[Yeah, standard spoiler warning here. I’m going to talk about the “Broken Steel” DLC and, of course, the ending to Fallout 3 some more. Oh, and this is the last part too. 7,000+ words is probably enough said about this for awhile.]
While this post is still going to be in the “God of the Father” series, it is going to deal more with my frustration on a personal level with how Fallout 3 turned out including the DLC and how my reading of the game, something I feel most of the quests support, starts to unravel when considered against the DLC and “Broken Steel” in particular.
Basically, part of me wishes that “Broken Steel” had never come out at all. There, I’ll say it. While I appreciated the raising of the level cap from 20 to 30 and the additional of enemies, I do not feel it added much to story (killing Enclave soldiers was already old hat before I spent a whole add-on doing it) and, more importantly, it ruined something I felt was very necessary: an ending.
I know that other players do not feel as I do. I know that many people were angry that their game ended and, once it did, they could no longer prance and parley across the Capitol Wasteland. I can still remember reading users being outraged that a story had an ending. “How dare you! I spent 150 hours in the Capitol Wasteland. It should never end!”
For me, that’s a problem because I fall on one side of the hyphenation more than the other. The term for these games is open-world. Players can explore both a vast physical and navigate intricate mechanics. Because it is big (in both contexts), interesting accidents happen as the player interacts with the mechanics. There is a constant tension between the narrative that emerges and that which is embedded. Little moments between the player and the world either deny or affirm what the player knows to be “their” story compared to that which the game is trying to tell.
That’s the problem, actually, that the Fallout 3 developers ran into with their game. They tried to tell a story of a child trying to live in the world of a father (everything I have talked about so far in this series) and then, when the players wanted that removed, the developer did. That’s the open part. While I believe and appreciate such a part, when trying to create and arrange a critical reading of a work, it’s a major pain. With a fluid text, I cannot tell which part is in which order. (That’s the same frustration, by the way, many people feel in trying to say something about a game like this. If the order does not matter, you always end up with a personal interpretation of the events.)

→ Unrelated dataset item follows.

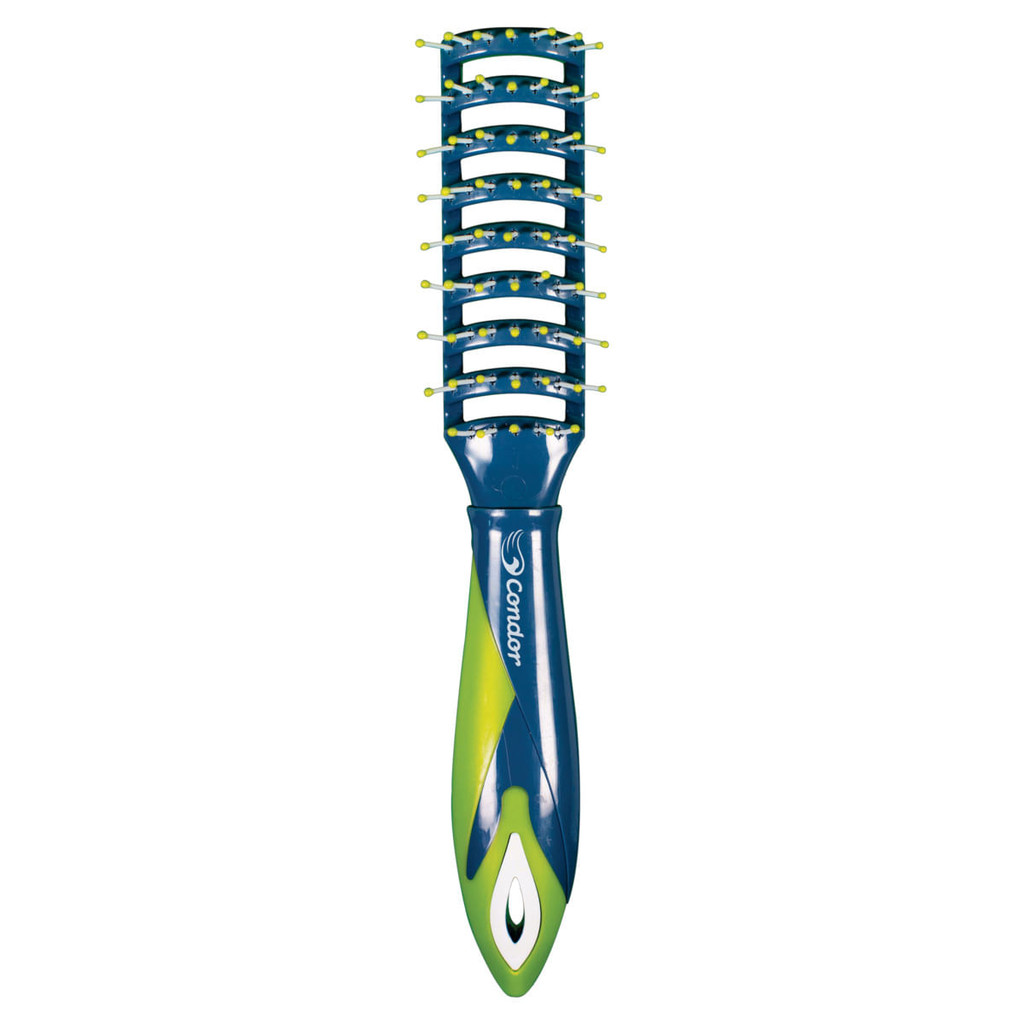 Escova Para Cabelo Base Vazada Retangular Joy Condor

Worlds end. There is a necessary arc to stories where events happen and a progression between an initial state and a final setting occurs. Things change. Yet, in open-world games, this rarely happens. There is no change for the protagonist or even most characters. They exist without ending and often without beginnings. The metaphor of “a purgatory without purpose” is extremely apt in my opinion for most open-world games. The one exception to this, I’ve found, is Fallout 3. The Lone Wanderer has a father.
I’ve written at length in the past about how this single fact changes everything. The characters in Oblivion, Morrowwind or even, in a less open example, the Mass Effect series do not have families. The player supplies their pasts. The games do not mention what happened in their childhood, who their friends were or what they studied. They just are. This is what makes Fallout 3 so special in that regard. There exists not only a shortened childhood but also a father. There is a connection into the story of the world. Not only does the world has a history, as is evident in the physical artifacts of culture and civilization in the world, the character does too.

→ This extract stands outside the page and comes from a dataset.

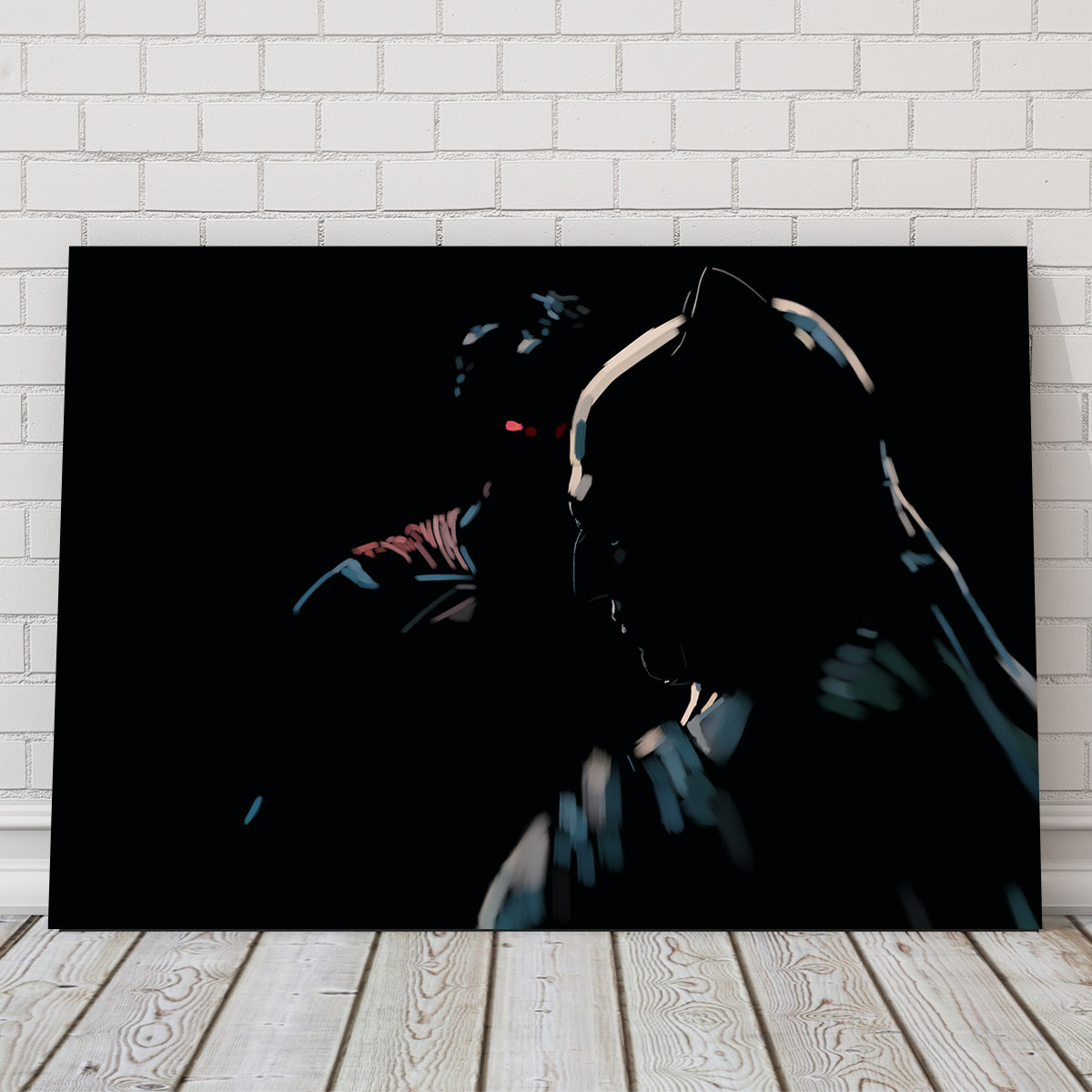 Batman Vs Superman Wall Art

By having the character have a father (and mother), it sets the stage for a more complicated plot. It’s not just Man v. Nature, as most open-world games have, but the more complex moments of Man v. Self as the player, in the role of the character, has to decide, quite simply, if they care for this fictional father. They have to make a choice about James. Do they follow this role model of the Good Karma or do they do what they want? Do they go to save him and, if they have done that, do they follow his lead and continue to restore Project Purity? It sets up a series of decisions that deal with the internal conflict of a child (and player) thrust into the harsh reality of a Wasteland (after the father leaves) and then reunited with said father.
The death of James is necessary in that it, yet again, puts the choice on the player. As I mentioned yesterday, its the shift from the ‘god’ continuing to ask the player “What would you father do?” in the repeated instances of running into people who knew him to the more complicated “Now that your father is gone, what will you do?” The blessing passes father to child with the knowledge that the cost of one’s life for a future is inevitable. A sacrifice is needed for progress.
Without the ending of the game giving the player this choice, of having to go back to the place of his death and choosing to embrace this or not, James’ earlier death loses meaning. He is no longer a faithful father trying to protect the future but less than that, an obsessive who could not find a better path or escape — as Colonel Autumn does. James’s exit from the story retroactively loses meaning if his child faces the same choice with the knowledge that the world continues either way, that the sacrifice is not permanent. If the child can survive and the father cannot, what does that say about the father? What does that say about the game that allowed it?
“Broken Steel” moves away from the father. More than “Operation: Anchorage”, “The Pitt” or “Mothership Zeta” which can, depending on the player’s choice, be done either before or after the ending, “Broken Steel” does more than just move the story away from the journey of a child in the shadow of a father, it erases it completely. “It sucks that your father died, sure. Hey, you mind going to kill some more things for me though?” It is not only more child-oriented in is approach but father-less in its outcome.
Fallout 3 serves as a great example of giving the playable character some story. It’s one of the very few games I have ever seen that is so committed to such an idea. It’s part of everything the player does from the Karma system to plot points. The player is a child who enters the world of a father, a world of science, and finds it to be a bleak wasteland of mutations and technology gone amok. Dare to use science to change the world and there is a cost. This theme is carved into the landscape and people.
Most major characters in the world have heard of the character’s father. The shadow cast is long and hard to escape from for the child. Yet, many in-game hours later, the father is found and he demands that his directions still be followed. What started as a journey of darkness into light, including the moment of blindness, ties together in either choosing to work with the father or not. This same choice is in the very core. The father is Good and, as his child, you must also be Good. His ‘god’ judges all.
The ending collapses all the threads into a singular moment. Science demands a price and the future needs a sacrifice. Once again, the child must pick up the path of the footsteps of the father or not. If approached from Evil Karma, this is the redemption and returning. Good Karma turns to Evil in this decision. It is the capstone and its importance is paramount.
Without this moment, the world remains. It is stillness without reason. “Broken Steel” may attempt to leave the world open but fails in how well it succeeds. It removes the father for the sake of the child. The world will now never end. If the player is effectively immortal, all-powerful and, with perks, gear and mutations, unstoppable, what good is a ‘god’ now? If Karma can be changed on a whim, what good is an all-seeing judge for it? To remove the father is to remove the ‘god’ and the purpose for the plot too. The ‘god’ now dies with the father.